- Can you briefly introduce your company and what you do?
XILBI Sistemas de Informacion SL (Spain) is a European IT and innovation company specialised in edge computing, cloud-native software, AI, IoT applications and secure digital systems. XILBI combines expertise in AI/ML, energy systems, DevOps, cybersecurity and data interoperability. The company has a strong track record in European R&D and commercial innovation, including work in renewable energy, Earth Observation, smart agriculture and critical digital infrastructures. In the energy domain, XILBI has developed advanced solutions for forecasting, anomaly detection and decision support, and operates a renewable energy Living Lab in Salamanca, Spain for testing and validation. Through SEDGE, XILBI is bringing this experience into the O-CEI ecosystem to deliver reusable, privacy-preserving synthetic energy data assets for AI and edge applications.
- What challenge are you addressing under the O-CEI Horizon’s first Open Call, and how is your proposal relevant to the challenge?
Under the O-CEI Horizon’s 1st Open Call, we address a core challenge in Cloud-Edge-IoT energy innovation: the lack of privacy-compliant, high-fidelity and interoperable datasets for training, validating and benchmarking AI/ML models. In real energy environments, access to operational data is often limited by privacy, commercial sensitivity, fragmentation and the cost of collecting representative edge scenarios. This makes it difficult to develop robust AI solutions for forecasting, non-intrusive load monitoring, demand response and other edge analytics.
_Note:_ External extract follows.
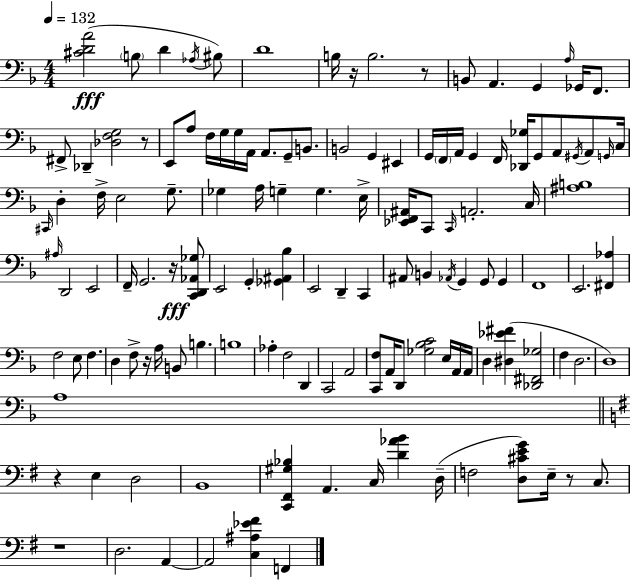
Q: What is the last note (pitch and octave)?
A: F2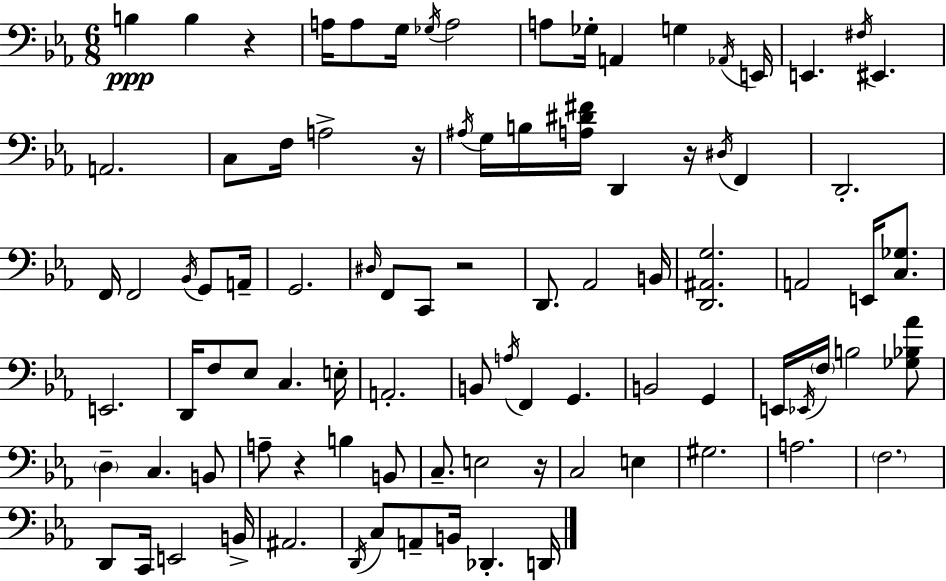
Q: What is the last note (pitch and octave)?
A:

Our proposal, SEDGE – Synthetic Energy Data Generation Engine – responds directly to this challenge by creating a synthetic data engine tailored to energy and edge environments. Within O-CEI Pilot 1.1 in Ireland, SEDGE generates realistic time-series data for residential and small-tertiary scenarios involving Linky smart meters, PV systems, batteries and flexible loads. It combines physics-based simulation with generative AI, behavioural modelling of occupants and a constraint-validation layer so that generated datasets remain both realistic and operationally feasible.
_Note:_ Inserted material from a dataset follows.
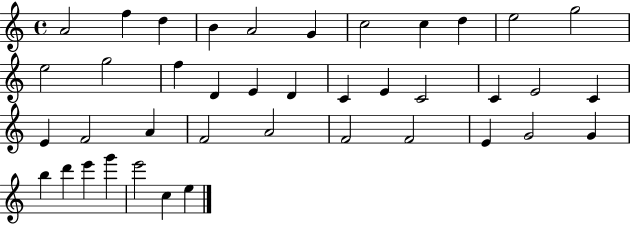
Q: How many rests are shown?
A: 0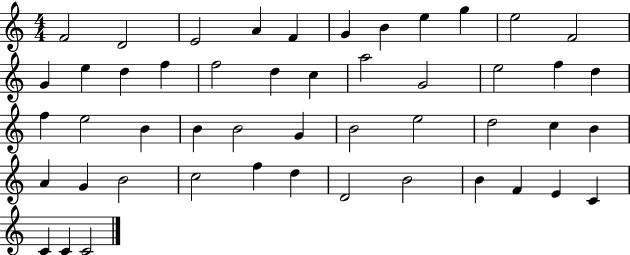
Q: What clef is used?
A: treble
The proposal is especially relevant to O-CEI because it is designed as a reusable CEI asset rather than a one-off demonstrator. SEDGE packages synthetic datasets, edge-ready corpora and pre-training recipes that can be used on Linux gateways and K3s clusters, enabling innovators to test and benchmark solutions before using real customer data. It also encodes outputs with SHIFT ontology semantics, making datasets machine-discoverable, interoperable and ready for publication in the O-CEI marketplace. In this way, SEDGE helps reduce data-access barriers, supports trustworthy AI development at the edge, and contributes reusable assets to the wider O-CEI ecosystem.
- What is the expected impact of your proposal?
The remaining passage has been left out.